De acordo com a Fazenda paulista, pela Lei Complementar 1.320, de 2018, que instituiu o programa, o fornecedor enquadrado nesta categoria não será considerado para efeito de classificação, a não ser quando houver “concentração relevante” – o que será definido por meio de regulamentação.

Conferida de acordo com os riscos oferecidos aos cofres públicos, essas notas são importantes por dar vantagens – como o acesso facilitado à renovação de regimes especiais e o aproveitamento de créditos de ICMS acumulados. Os contribuintes podem ser classificados como A+, A, B, C, D, E e NC (aquele que não foi classificado).

Os enquadrados como D ou E são aqueles que oferecem mais riscos e podem ficar obrigados, por exemplo, a fornecer informações periódicas sobre as suas operações ou mesmo depender de autorização prévia para a emissão e escrituração de documentos fiscais.

Apesar de o sistema de classificação ainda não ser público, o programa Nos Conformes já ultrapassou sua meta anual de arrecadar R$ 1 bilhão. Já entrou R$ 1,25 bilhão em caixa, até o fim de fevereiro. “O programa [em janeiro] superou a meta anual com quatro meses de antecedência”, afirma Gustavo Ley, coordenador da Administração Tributária da Secretaria da Fazenda e Planejamento.

Os esclarecimentos sobre fornecedores trazem alívio para as empresas, segundo advogados “Para o mercado, essa questão de classificar os fornecedores é bem delicada”, diz o advogado Bruno Sigaud, do Sigaud Marins &Faiwichow Advogados. De acordo com ele, economicamente, é complicado selecionar o fornecedor neste momento de crise e retomada, já que muitas companhias têm optado pelo custo mais baixo.

Do ponto de vista da jurisprudência, acrescenta o advogado, o contribuinte de boa-fé também não poderia ser penalizado por comprar de um fornecedor que não está bem avaliado. Isso porque a Súmula nº 509, do Superior Tribunal de Justiça (STJ), diz que “é lícito ao comerciante de boa-fé aproveitar os créditos de ICMS decorrentes de nota fiscal posteriormente declarada inidônea, quando demonstrada a veracidade da compra e venda”.

Alem disso, segundo Sigaud, a legislação tributária não obriga o contribuinte a agir com poder fiscalizatório sobre seus fornecedores.

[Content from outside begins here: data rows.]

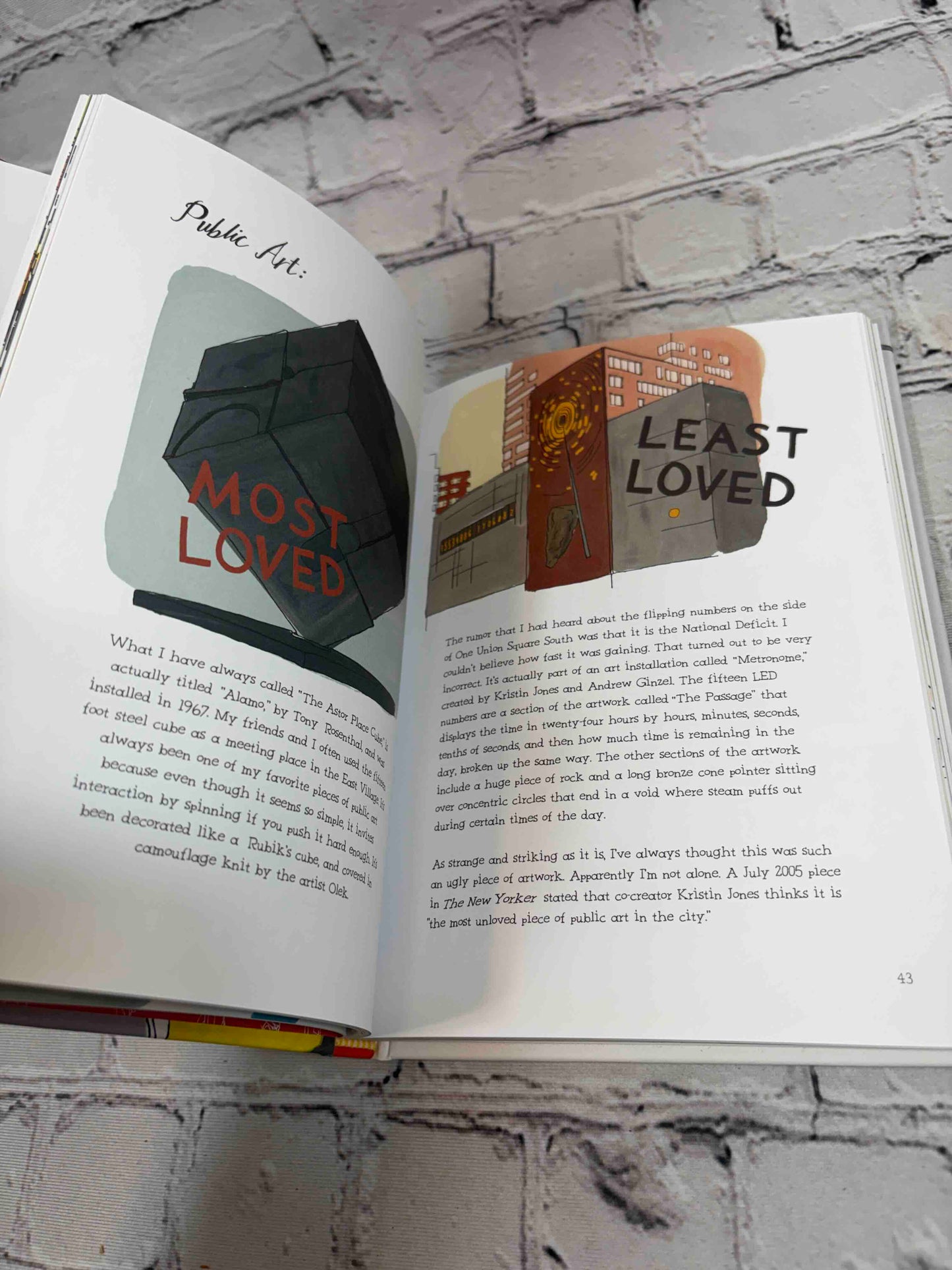 Hello NY: An Illustrated Love Letter to the Five Boroughs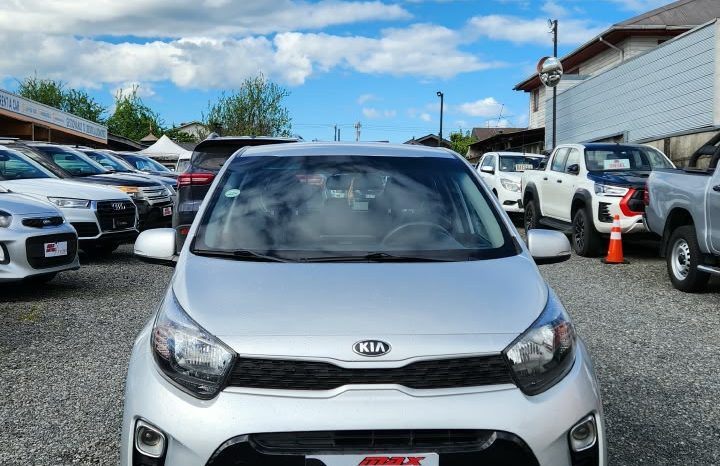 KIA Ex Hb Morning — foto 3 de 20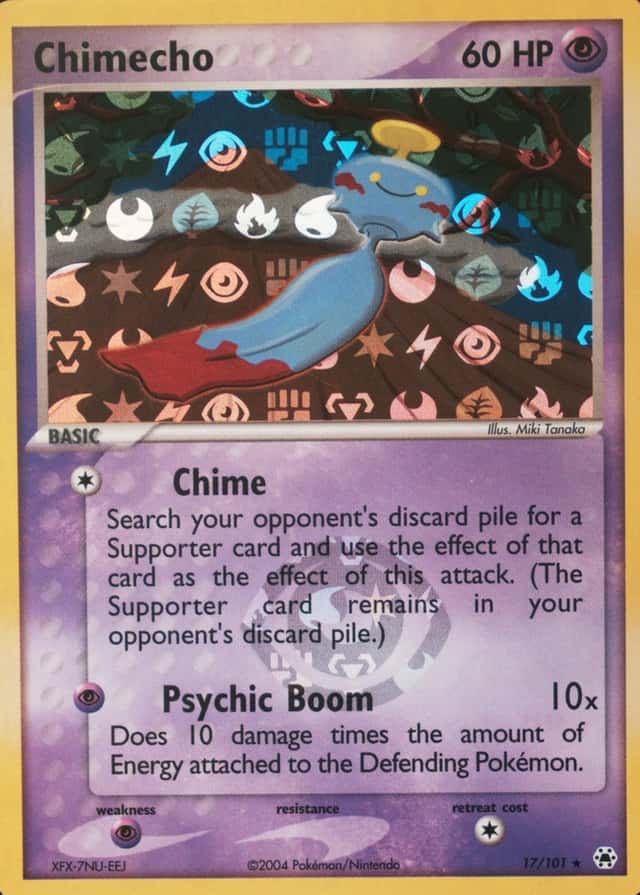 Reverse Holo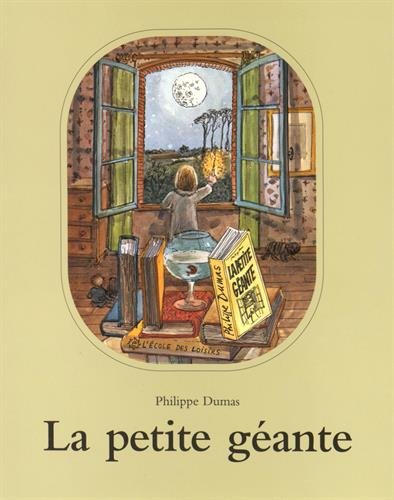 Beispielbild fr La petite gante zum Verkauf von Ammareal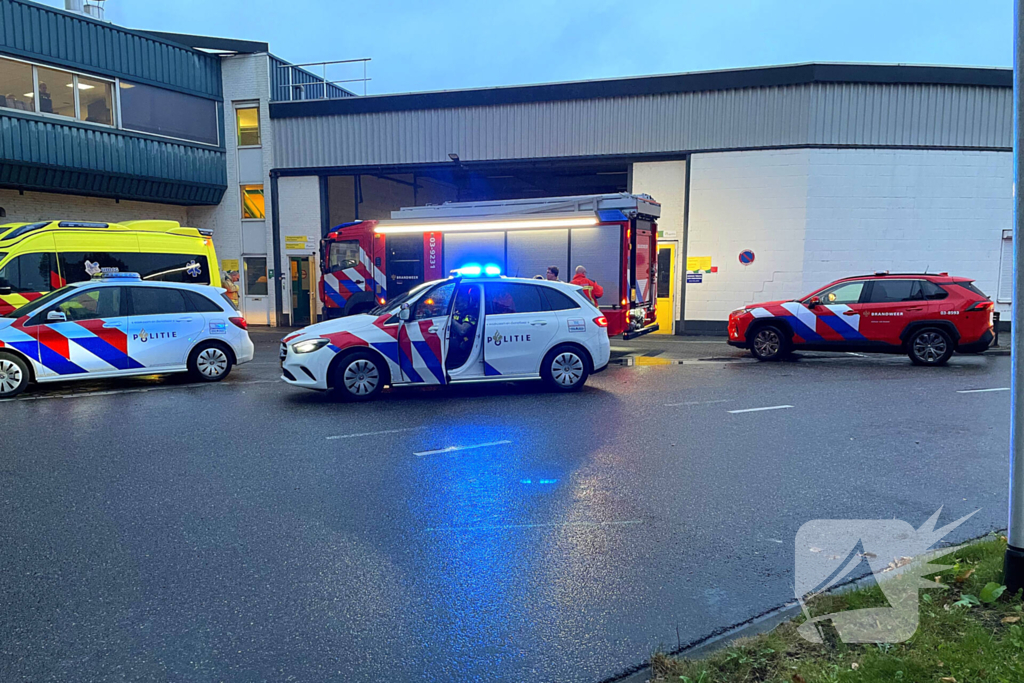 Zorgelijke situatie bij bedrijf na ongeval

Para ele, os artigos 142 e 78 do Código Tributário Nacional (CTN) deixam claro que esse poder de fiscalização é do Fisco.

Leo Lopes, do Focaccia Amaral Pellon e Lamonica Advogados, afirma que realmente o critério dos fornecedores preocupa as empresas. “A empresa pode estar regular com o Fisco, agir de acordo com todas as regras da boa governança e ainda assim ser prejudicada caso os fornecedores de seu segmento não tenham o mesmo zelo”, diz. Por uma questão operacional, acrescenta, as empresas não têm condições de fiscalizar seus fornecedores. “Não é simples fazer uma mudança de fornecedor.”

Segundo Lopes, os clientes têm visto com bons olhos o programa de autorregularização “e também o fato de a Fazenda reconhecer que alguns pontos ainda precisam ser ajustados para não prejudicar os contribuintes”.

A aplicação do critério sobre fornecedores se justifica, segundo Gustavo Ley. O fato de o contribuinte ter em sua cadeia empresas que não cumprem suas obrigações, acrescenta, “pode gerar uma vantagem competitiva indevida em relação aos concorrentes”. Porém, como a questão envolve fornecedores de outros Estados, que exige a adaptação de outros Estados, a Secretaria da Fazenda e Planejamento optou por não incluir esse critério até o momento.

A fase de testes do sistema que classifica os contribuintes por meio de notas, implementada em outubro do ano passado, foi prorrogada para 31 de agosto. Até lá não há a divulgação pública das notas – apenas o contribuinte e o seu contador têm acesso. Essa avaliação leva em consideração o pagamento atualizado de ICMS e a emissão de notas fiscais compatíveis com os valores declarados ao Fisco. Nessa fase, os contribuintes podem consultar a classificação atribuída, requerer correção de erro, noticiar eventual mau funcionamento ou sugerir aperfeiçoamentos no sistema.